In June 2017, China brought together the world's leading fossil fuel producers and clean energy proponents in Beijing on a single platform to accelerate the pace of energy transition. The meeting that comprised energy ministers and other high-level delegates from 22 countries and the EU – featuring a new Innovation Theater event to showcase game-changing innovations and inspirations from China – substantiated the fact that Beijing wasn't pursuing dominance but "a new era of shared clean energy leadership."
According to the International Energy Agency (IEA), China is predicted to account for almost half of new global renewable power capacity in 2022-2027 and will likely reach its 2030 target of 1,200 gigawatts of total wind and solar capacity "five years in advance." Beijing's growth in hydrogen production offers opportunities to decarbonize industry and transport; it is estimated to have invested $90 billion during the forecasted period, more than triple the investments by the rest of the world combined.
Following years of underinvestment in all forms of energy, including clean energy, the global energy supply shock is being exacerbated by the Ukraine crisis, directly impacting Europe. At this defining moment, China's achievements in clean-tech innovation and expansion across solar panels and EVs can facilitate the EU to write the "story of the clean-tech economy."
Industrial subsidies are one of the trickiest disagreements between Brussels and Washington. The EC and the EU leaders have repeatedly sought for the U.S. to end this discrimination. While Biden isn't ready to make a concession, his climate envoy John Kerry has downplayed the EU's concerns, seeking them to do the "same thing."
A deep sense of urgency has prevailed in the Union since a Korean solar energy company, Hanwha Qcellsa, announced its decision to invest $2.5 billion to manufacture solar panels in Georgia. The problem is the U.S. lacks enough labor support to implement such expansion plans. Still, Biden wants to divert all investments and manufacture everything in America, even as his efforts are obstructing the deployment of clean energy in the country and will delay global energy transition over higher costs of production.
This exemplifies that Biden's approach is wholly driven by the "America First" policy, regardless of whether this protectionism does much harm to global energy transition.
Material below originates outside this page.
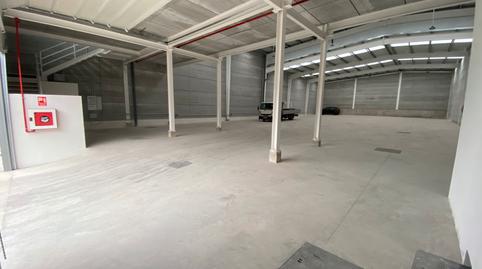 Photo 2 of Industrial buildings to rent in Avenida Gustavo Adolfo Bécquer, 42, Las Brisas, Málaga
His headstrong drive and impulsiveness, to impose its interests on the EU and make the bloc a "playing field," is urging the EU to take "very strong, positive and reassuring" measures to prevent an industry exodus and counter the discriminatory IRA funding by outlining its "own policy."
China has built the world's largest clean energy corridor and turned into a "veritable" green power thanks to mammoth domestic and outbound investments in renewable energy. The East Asian country is strengthening its position as a clean technology innovator through policy consistency spanning decades with innovation being central to China's targets of peaking its emissions by 2030 and achieving carbon neutrality by 2060.
Beijing and Brussels share common interests and objectives on clean energy transition. Since 1994, the two sides have held an annual dialogue to cooperate on energy issues including energy efficiency and the role of innovative energy actors. Bilateral collaboration mechanisms – such as the EU-China Energy Cooperation Platform, funded by the EU Partnership Instrument that is designed to promote the bloc's strategic interests – are there to forge innovative partnerships and create new models of sustainable growth to advance the global transition to net zero-goals and successfully implement the Paris Agreement.